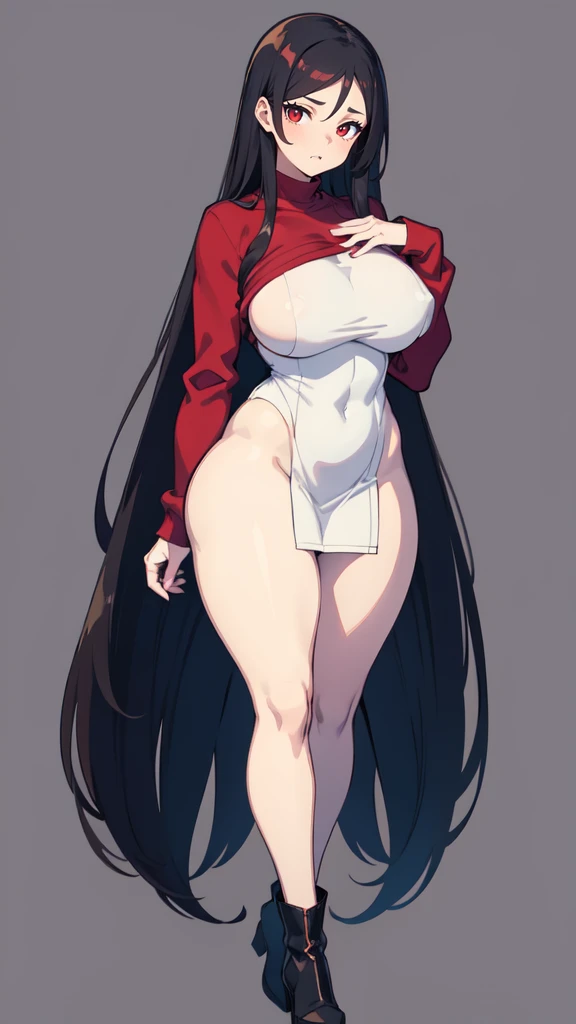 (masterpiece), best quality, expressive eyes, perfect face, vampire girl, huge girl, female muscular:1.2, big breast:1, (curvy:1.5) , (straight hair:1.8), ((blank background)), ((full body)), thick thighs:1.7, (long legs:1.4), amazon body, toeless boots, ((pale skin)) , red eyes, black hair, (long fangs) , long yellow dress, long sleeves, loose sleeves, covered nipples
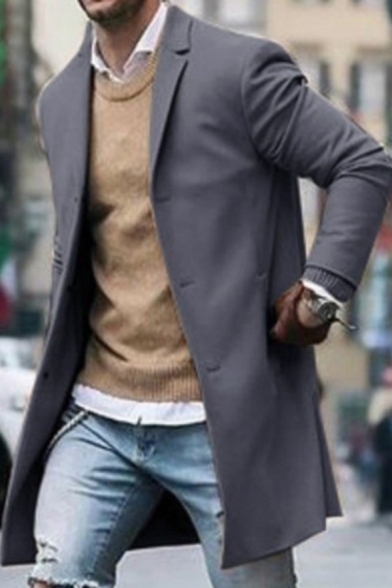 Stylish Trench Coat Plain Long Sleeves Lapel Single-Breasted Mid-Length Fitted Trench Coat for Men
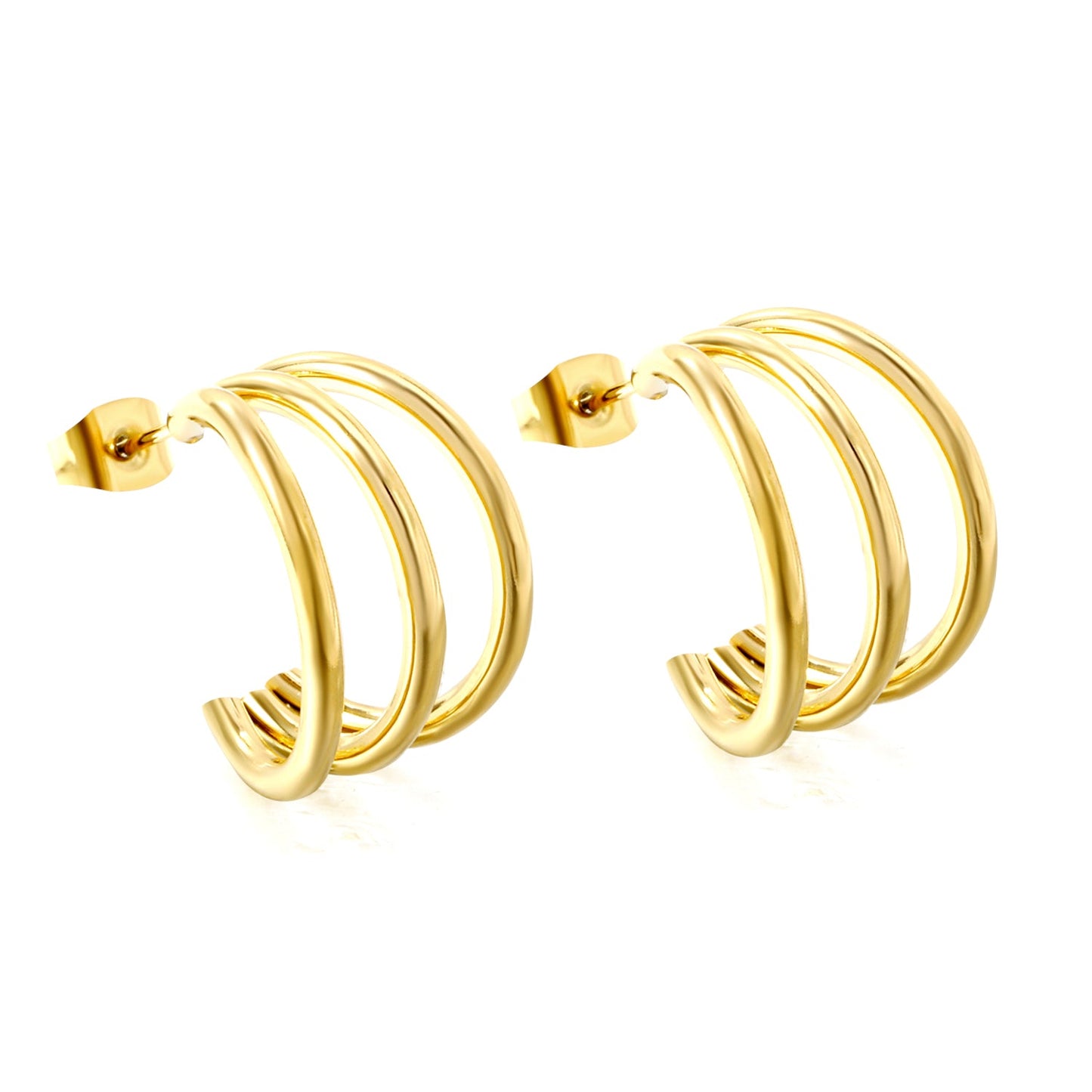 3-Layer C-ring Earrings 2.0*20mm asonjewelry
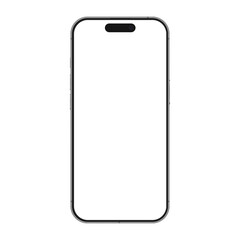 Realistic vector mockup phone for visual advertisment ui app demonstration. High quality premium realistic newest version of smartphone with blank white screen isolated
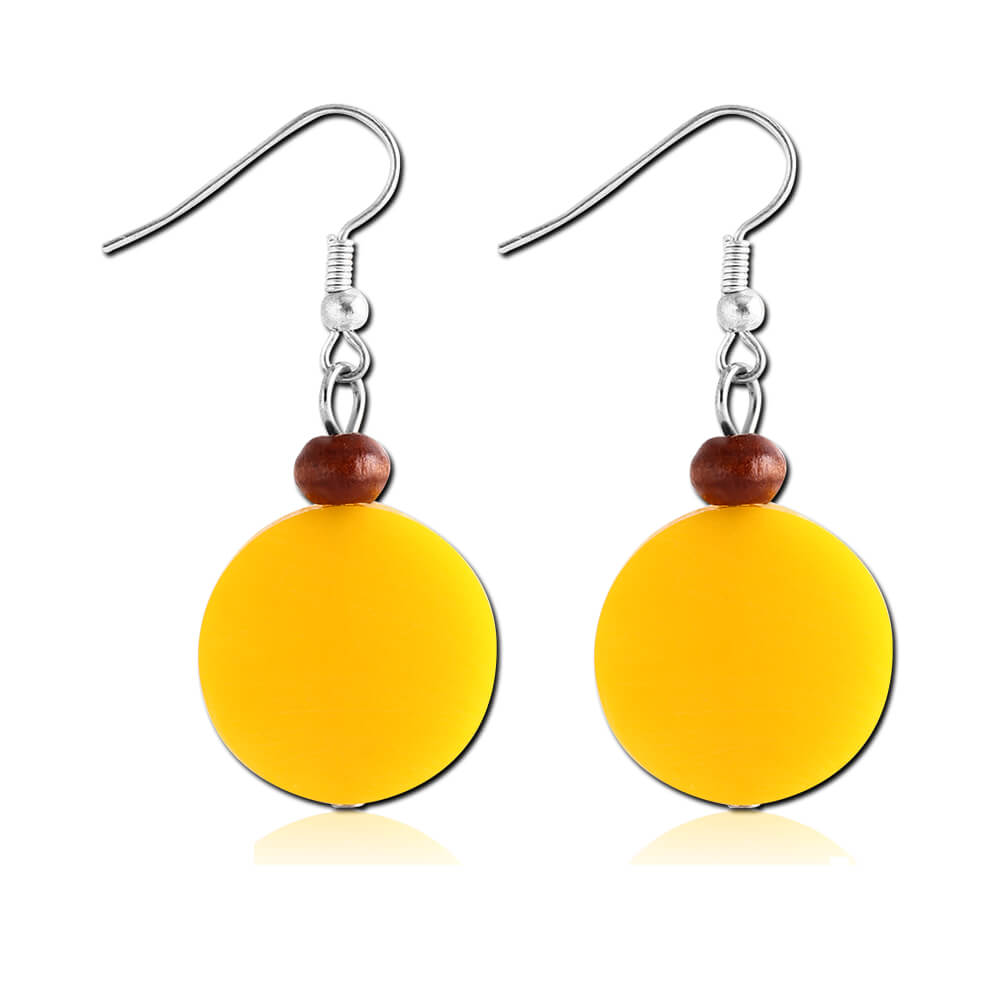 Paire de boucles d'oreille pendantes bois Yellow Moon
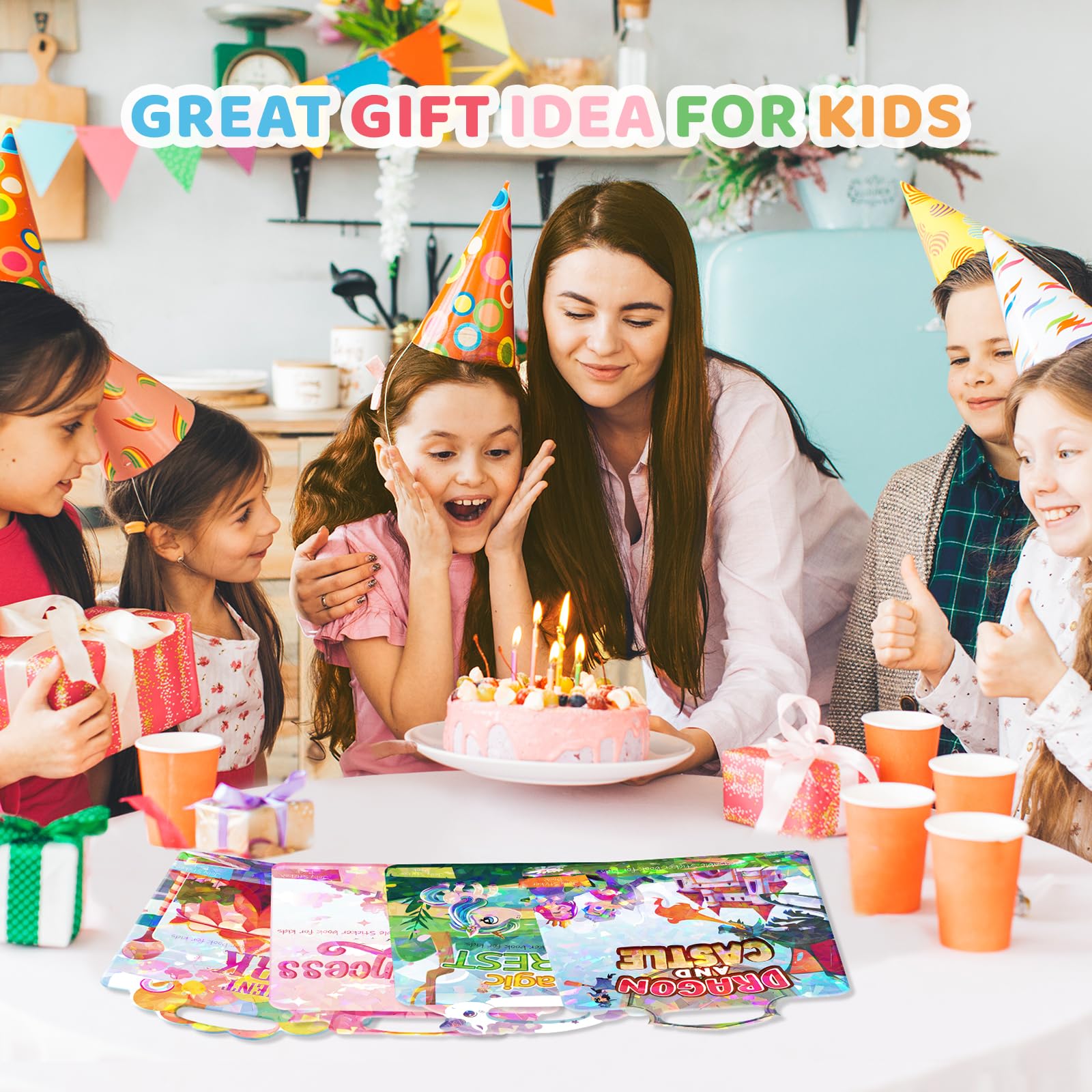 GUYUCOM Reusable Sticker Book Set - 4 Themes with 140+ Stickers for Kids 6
----------------
__Directions__
Each record is to be written out exactly. No picture goes in.

__Your solution__
 (masterpiece), best quality, expressive eyes, perfect face, vampire girl, huge girl, female muscular:1.2, big breast:1, (curvy:1.5) , (straight hair:1.8), ((blank background)), ((full body)), thick thighs:1.7, (long legs:1.4), amazon body, toeless boots, ((pale skin)) , red eyes, black hair, (long fangs) , long yellow dress, long sleeves, loose sleeves, covered nipples
 Stylish Trench Coat Plain Long Sleeves Lapel Single-Breasted Mid-Length Fitted Trench Coat for Men
 3-Layer C-ring Earrings 2.0*20mm asonjewelry
 Realistic vector mockup phone for visual advertisment ui app demonstration. High quality premium realistic newest version of smartphone with blank white screen isolated
 Paire de boucles d'oreille pendantes bois Yellow Moon
 GUYUCOM Reusable Sticker Book Set - 4 Themes with 140+ Stickers for Kids 6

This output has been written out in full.